# Can You Identify This Pulsar?



## Des (Mar 9, 2009)

I recently acquired this Pulsar diver from the auction site and I am trying to find model number etc.

It has a Seiko 7S26 movement and a serial number of 5N0061 which I assume is November 2005.

A Google search reveals it to be identical to the Alba AL4003X but not what the actual Pulsar model number is.

Can anybody help?

Thanks

Des


----------



## gavinjayanand (Nov 25, 2008)

I Googled your watch, and came up with this website.

http://www.findwatches.co.uk/automatic-divers-p-1017.html

It seems to be a PL4 001/SKU: 1017 (I can't make heads or tails of their classification system).

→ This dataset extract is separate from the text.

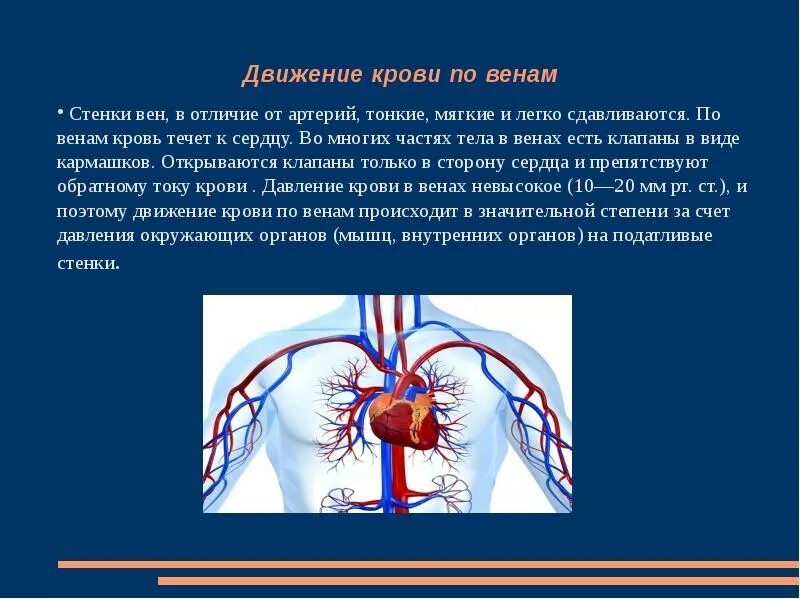 Направления движения артерии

You could try emailing them for further information. Hope this helped! :thumbsup:


----------



## Des (Mar 9, 2009)

gavinjayanand said:


> I Googled your watch, and came up with this website.
> 
> http://www.findwatches.co.uk/automatic-divers-p-1017.html
> 
> ...


Thanks, at least I know a bit more now

Des


----------



## ibaranenko (Apr 10, 2010)

Des said:


> I recently acquired this Pulsar diver from the auction site and I am trying to find model number etc.
> 
> It has a Seiko 7S26 movement and a serial number of 5N0061 which I assume is November 2005.
> 
> ...


Ive got exactly the same watch the model number is PL4003 in rubber .....seems it doesn't be in production anymore.


----------